Last year, RICTA received a grant of $160,000 (Rwf134.5 million) from the African Union Commission to expand the Rwanda Internet Exchange Point's operational capabilities. RINEX currently allows internet service providers and content providers to interconnect, enabling them to efficiently exchange information at a common point within a country rather than needing to exchange local internet traffic overseas.
According to RICTA officials, without upgrading this internet exchange point, it would have cost Rwanda $134,400 (about Rwf113 million) per month to access content from overseas; this means that Rwanda saved about Rwf1.4 billion in the just concluded financial year.
Nkeramugaba highlighted that the cost of internet capacity globally has been going down significantly and that end users should be enjoying these advantages, adding that with peering access to data would be easier.
"The more we have networks connected to exchange point, the more we have content that is accessed easily at affordable cost by end users.

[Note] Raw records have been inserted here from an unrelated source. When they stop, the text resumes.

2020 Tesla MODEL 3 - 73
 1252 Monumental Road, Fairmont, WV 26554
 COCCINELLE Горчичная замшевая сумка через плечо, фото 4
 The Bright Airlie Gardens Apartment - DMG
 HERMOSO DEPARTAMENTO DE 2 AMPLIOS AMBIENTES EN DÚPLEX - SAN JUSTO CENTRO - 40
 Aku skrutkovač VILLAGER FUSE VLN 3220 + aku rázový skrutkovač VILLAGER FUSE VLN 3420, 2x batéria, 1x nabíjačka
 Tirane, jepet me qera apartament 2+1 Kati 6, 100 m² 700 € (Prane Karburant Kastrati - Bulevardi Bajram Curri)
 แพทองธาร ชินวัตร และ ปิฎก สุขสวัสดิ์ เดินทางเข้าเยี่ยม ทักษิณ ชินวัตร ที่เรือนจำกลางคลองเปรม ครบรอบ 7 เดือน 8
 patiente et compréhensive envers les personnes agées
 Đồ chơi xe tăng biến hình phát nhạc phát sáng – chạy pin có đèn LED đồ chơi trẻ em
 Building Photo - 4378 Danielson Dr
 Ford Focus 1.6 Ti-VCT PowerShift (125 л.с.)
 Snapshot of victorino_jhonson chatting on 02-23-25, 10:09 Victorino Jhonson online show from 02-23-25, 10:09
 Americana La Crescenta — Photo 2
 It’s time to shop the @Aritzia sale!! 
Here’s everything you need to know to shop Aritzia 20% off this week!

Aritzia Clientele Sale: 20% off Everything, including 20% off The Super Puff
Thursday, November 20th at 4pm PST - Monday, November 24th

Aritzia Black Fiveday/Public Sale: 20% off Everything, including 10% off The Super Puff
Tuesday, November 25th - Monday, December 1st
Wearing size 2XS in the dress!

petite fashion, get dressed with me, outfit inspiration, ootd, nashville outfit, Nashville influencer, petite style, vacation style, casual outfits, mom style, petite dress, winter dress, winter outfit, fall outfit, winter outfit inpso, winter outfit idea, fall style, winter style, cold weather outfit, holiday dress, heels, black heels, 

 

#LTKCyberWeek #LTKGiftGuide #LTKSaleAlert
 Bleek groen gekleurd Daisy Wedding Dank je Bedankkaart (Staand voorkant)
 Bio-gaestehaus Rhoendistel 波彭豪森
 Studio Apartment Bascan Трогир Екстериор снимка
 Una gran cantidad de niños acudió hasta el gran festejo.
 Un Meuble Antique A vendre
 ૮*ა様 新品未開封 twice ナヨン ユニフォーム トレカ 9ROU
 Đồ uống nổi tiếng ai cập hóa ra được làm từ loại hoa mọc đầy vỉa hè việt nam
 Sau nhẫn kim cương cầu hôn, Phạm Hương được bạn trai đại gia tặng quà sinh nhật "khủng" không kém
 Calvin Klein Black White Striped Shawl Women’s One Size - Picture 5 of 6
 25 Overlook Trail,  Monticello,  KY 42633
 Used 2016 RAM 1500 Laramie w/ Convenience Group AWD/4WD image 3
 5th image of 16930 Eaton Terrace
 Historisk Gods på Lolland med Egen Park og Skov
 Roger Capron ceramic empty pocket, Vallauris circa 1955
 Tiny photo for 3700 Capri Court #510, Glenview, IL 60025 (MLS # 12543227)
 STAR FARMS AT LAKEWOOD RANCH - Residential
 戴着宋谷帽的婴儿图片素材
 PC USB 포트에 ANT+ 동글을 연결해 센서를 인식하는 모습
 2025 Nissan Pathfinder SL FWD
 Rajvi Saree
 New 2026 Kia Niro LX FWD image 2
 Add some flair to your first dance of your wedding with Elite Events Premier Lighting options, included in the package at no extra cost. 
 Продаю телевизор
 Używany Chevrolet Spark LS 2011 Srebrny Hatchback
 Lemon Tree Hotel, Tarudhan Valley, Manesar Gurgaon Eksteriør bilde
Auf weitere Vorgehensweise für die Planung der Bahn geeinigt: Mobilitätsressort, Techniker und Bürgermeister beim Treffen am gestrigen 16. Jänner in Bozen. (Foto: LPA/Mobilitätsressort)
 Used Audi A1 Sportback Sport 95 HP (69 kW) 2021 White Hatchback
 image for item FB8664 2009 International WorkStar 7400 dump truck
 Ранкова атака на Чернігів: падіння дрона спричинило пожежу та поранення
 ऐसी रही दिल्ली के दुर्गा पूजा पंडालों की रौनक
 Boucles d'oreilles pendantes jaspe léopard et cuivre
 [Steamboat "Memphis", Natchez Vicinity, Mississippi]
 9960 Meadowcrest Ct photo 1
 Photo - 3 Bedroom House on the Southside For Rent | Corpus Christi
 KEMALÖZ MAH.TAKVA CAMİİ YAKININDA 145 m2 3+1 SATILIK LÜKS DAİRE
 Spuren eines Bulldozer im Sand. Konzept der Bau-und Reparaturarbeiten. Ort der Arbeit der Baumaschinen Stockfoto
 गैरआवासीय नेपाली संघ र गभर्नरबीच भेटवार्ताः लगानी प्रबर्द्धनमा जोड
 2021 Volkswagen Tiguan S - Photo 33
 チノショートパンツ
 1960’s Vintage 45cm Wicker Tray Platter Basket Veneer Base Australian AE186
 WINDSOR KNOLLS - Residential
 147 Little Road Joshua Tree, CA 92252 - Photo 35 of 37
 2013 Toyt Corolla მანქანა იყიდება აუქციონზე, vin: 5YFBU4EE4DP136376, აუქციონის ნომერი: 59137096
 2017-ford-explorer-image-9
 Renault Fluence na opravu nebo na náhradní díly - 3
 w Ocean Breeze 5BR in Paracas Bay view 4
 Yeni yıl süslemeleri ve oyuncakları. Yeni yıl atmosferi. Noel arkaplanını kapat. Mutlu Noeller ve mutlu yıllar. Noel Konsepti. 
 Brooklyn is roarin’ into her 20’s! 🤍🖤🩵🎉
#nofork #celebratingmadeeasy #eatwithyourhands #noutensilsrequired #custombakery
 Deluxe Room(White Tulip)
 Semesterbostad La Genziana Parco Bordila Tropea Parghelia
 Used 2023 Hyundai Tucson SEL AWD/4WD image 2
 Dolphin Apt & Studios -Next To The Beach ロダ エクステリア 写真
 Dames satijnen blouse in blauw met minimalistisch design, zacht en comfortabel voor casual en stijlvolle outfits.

This can significantly promote the internet in Rwanda as well as grow the internet economy," he said.
Alexis Kabeja, the CEO of Liquid Telecom Rwanda, admits that infrastructure is no longer an issue for service providers to extend internet connectivity, rather service providers should be challenged to create more affordable content.
"The infrastructure here is not an issue any more, it is up to us as service providers to ensure that we build content that reaches more people," he said.
Kabeja revealed that their firm is currently making heavy investments to introduce various initiatives to accelerate the internet connectivity, one of which is the 'Fibre-to-the-Home', a project that targets all households in Kigali and secondary cities across the country.
Already, some of the Kigali households have been connected to the "true" broadband connectivity through 'Fibre-to-the-Home' initiative. Some of these areas include Kagugu, Gisozi, Nyarutarama, Kacyiru, Rebero, Rugando and Kiyovu.